Looking at the numbers, "why would you use that" is a natural reaction. But using this tool actually made me study security more. You start thinking about how to handle security for services with this architecture, what settings are dangerous, what to block. Installing it locally on a dedicated laptop, I naturally learned security practices like port management, sandboxing, and privilege minimization.
It's not about avoiding it because it's dangerous—it's about using it while understanding the dangerous structure.
Just Yesterday, Moltbook Got Hacked

A perfect case study dropped right as I was writing this. Moltbook, the social network for OpenClaw agents, got hacked. Security firm Wiz's analysis found that Row Level Security (RLS) wasn't configured on the Supabase database, exposing 1.5 million API keys, 35,000 email addresses, and even private messages between agents. Anyone could read and write to the entire DB without authentication.
What's even more shocking is what the Moltbook founder said: "I didn't write a single line of code myself. AI made it all." A service built through vibe coding had one security setting missing and the entire platform was breached.

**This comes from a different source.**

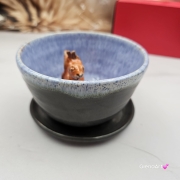 Filiżanka WIEWÓRKA ceramiczna ze spodkiem WIEWIÓRKĄ w środku ręcznie toczona i malowana ze spodkiem Ruda wiewiórka leśne zwierzę kubek z wiewiórką ciemny brąz i niebieski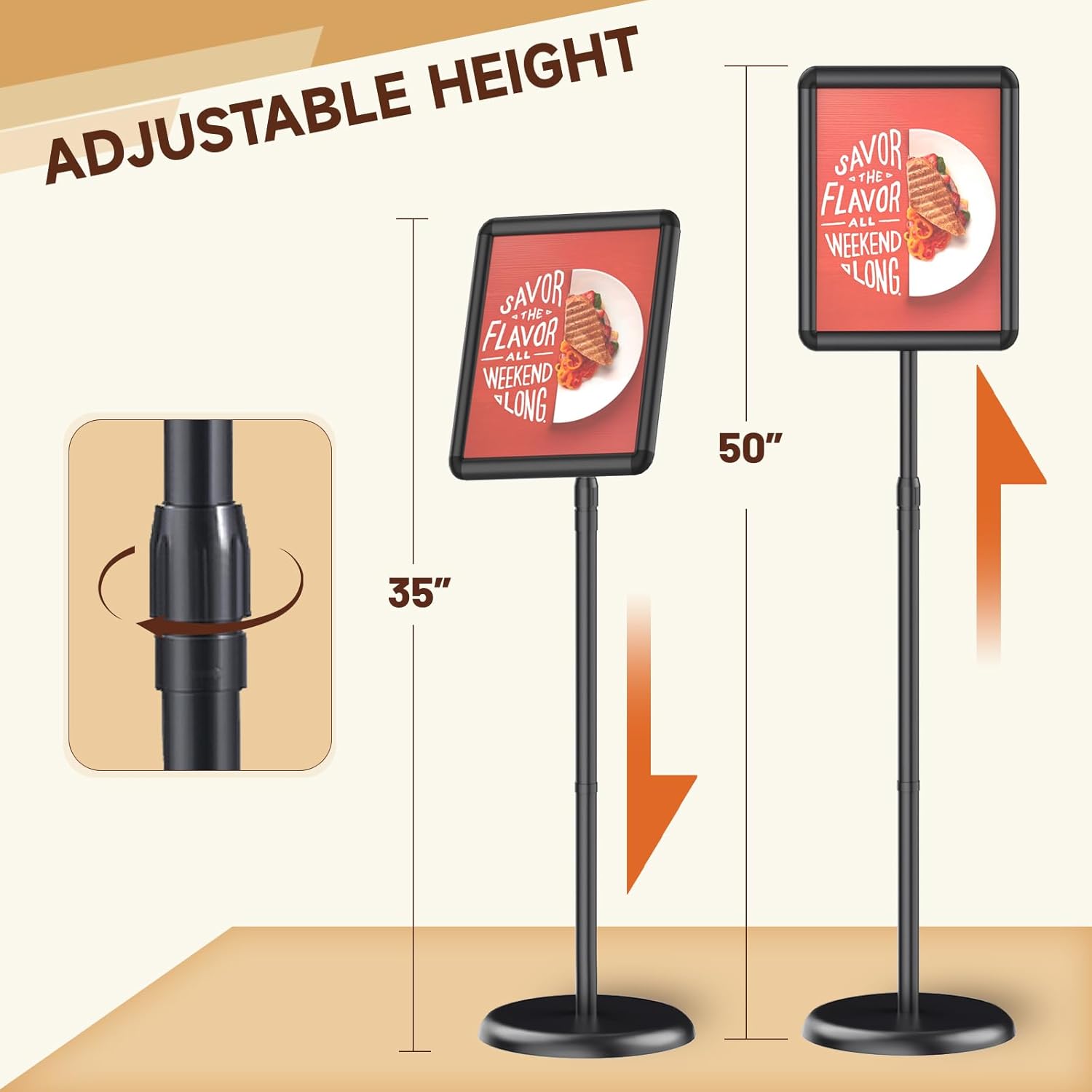 Adjustable Pedestal Floor Stand Sign Holder for 8.5*11 inches Poster or chalk board, Snap open frame,360°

This isn't just an OpenClaw ecosystem problem. It's a case showing that the faster you build with AI, the more security becomes entirely your responsibility. Even if AI writes the code, checking if RLS is properly configured, if API keys aren't exposed in client code—that's still on the human.
Not Using It Is Safe, But You Also Lose the Learning Opportunity
This isn't about ignoring security. It's the opposite. It's about using AI tools as an opportunity to think about how to do security better in the AI era and improve related skills.
Not using it is safe, but the learning opportunity disappears with it.